Rosica G, Bucari D, Pastore G, Musella A, Giorno MP, et al. (2021) Successful Medical and Surgical Management of Massive Hemoperitoneum in Early Pregnancy. Clin Med Rev Case Rep 7:334.

Case Report | Open Access DOI: 10.23937/2378-3656/1410334

Successful Medical and Surgical Management of Massive Hemoperitoneum in Early Pregnancy

Giovanna Rosica, Daniela Bucari, Giovanni Pastore, Angela Musella*, Maria Pia Giorno, Valeria Ebano and Vincenzo Spina

Department of Obstetrics and Gynecology, San Camillo de Lellis Hospital, Viale Kennedy, Italy



There are several cases reported in literature about management of adnexal masses and hemoperitoneum during pregnancy, however there is still no clear and standardized treatment. Through this manuscript we want to report our experience about the successfully treatment of massive hemoperitoneum due to corpus luteum rupture during first trimester of pregnancy.

Case description

A Caucasian young patient, pregnant at early gestational age, referred to our Department because of acute pelvic and abdominal pain due to rupture of left ovary corpus luteum. After conservative approach with medical treatment and strict observation a surgical intervention became necessary because of patient's conditions worsening. A left adnexectomy under minilaparotomic approach was performed, without complications. After that, the pregnancy went on uneventfully, with adequate medical treatment and periodic controls, until the patient gave birth to a healthy baby.

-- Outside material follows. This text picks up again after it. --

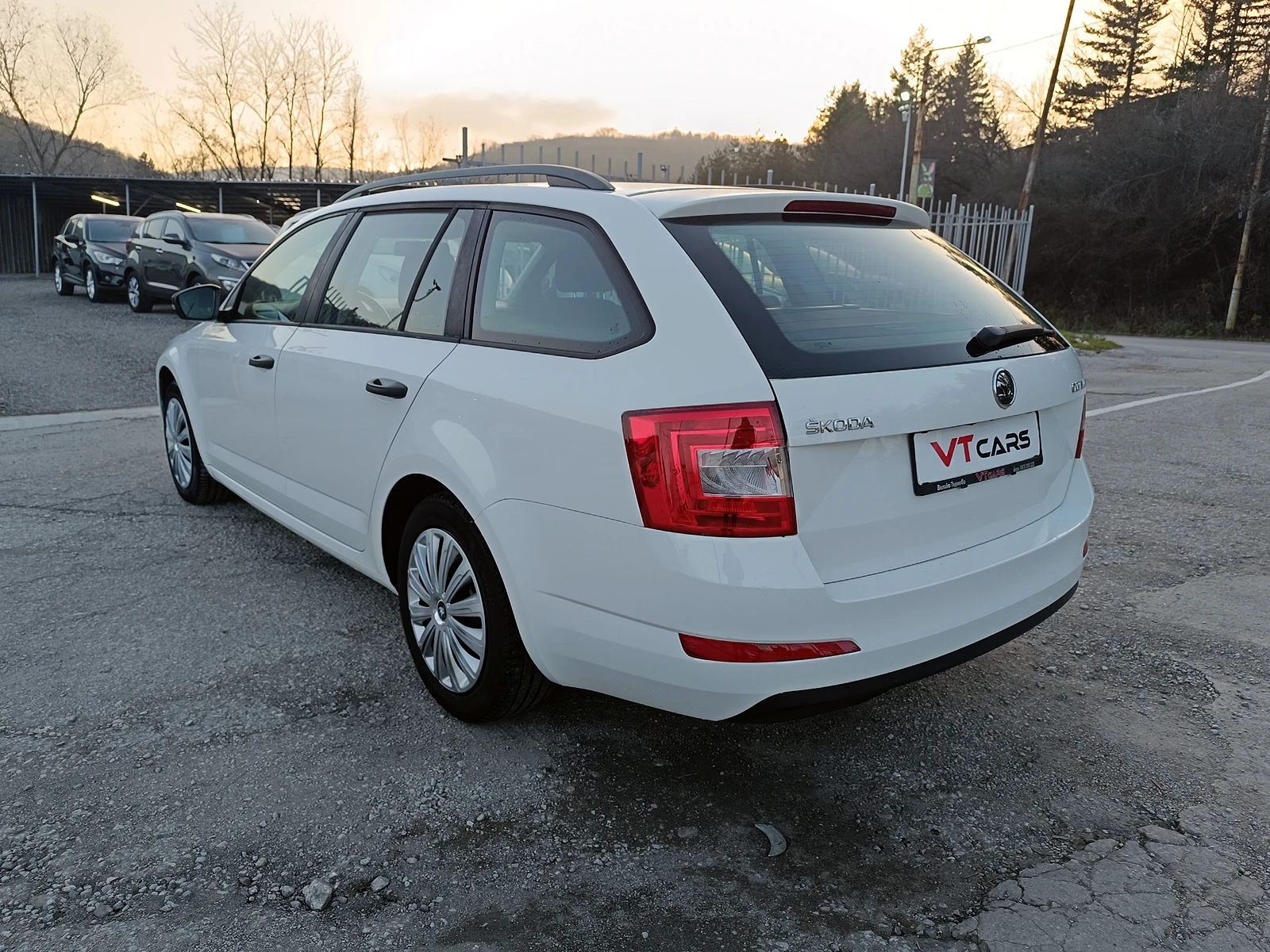 Skoda Octavia 1.6TDI 90k.c - изображение 3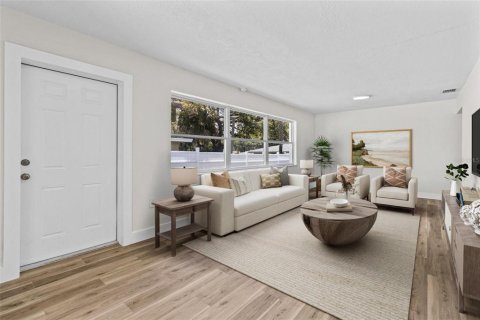 House in Largo, Florida 3 bedrooms, 183.67 sq.m. № 1819093 - photo 7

An adequate and careful treatment of promptly diagnosed gynecological emergencies occurring during gestational period is feasible without invalidate pregnancy outcome.


Corpus luteum is characterized by four developing stages: proliferation, vascularization, maturation and regression. During pregnancy, it develops after oocyte fertilization under corionic gonadotropin (ßhCG) stimulation extending on most of the ovarian surface. The size and structure of corpus luteum may be different reaching the maximum size at 7-9 weeks of gestation. At the end of pregnancy, it is usually no more detectable.

In case of acute pelvic pain during pregnancy, differential diagnosis should be done with other conditions such as ectopic pregnancy, endometriosis, dermoyd ovarian cysts or neoplasia. According to a recent study, adnexal masses are discovered in 1 per 76 - 1 per 2328 deliveries [1]. The incidence of an adnexal cancer in pregnancy is one per 12,000-47,000. It is, therefore, considered the second most common gynecological mass detected in pregnancy following benign cysts [2].

The course of adnexal masses during pregnancy is usually spontaneous resolution of simple anechoic cysts less than 5 cm in diameter [3]. It has been reported that pregnant patients have a 1% increased risk of ovarian torsion compared to non-pregnant patients. Most of the ovarian torsion cases occur in the first trimester; thereafter, the risk of torsion decreases [3,4].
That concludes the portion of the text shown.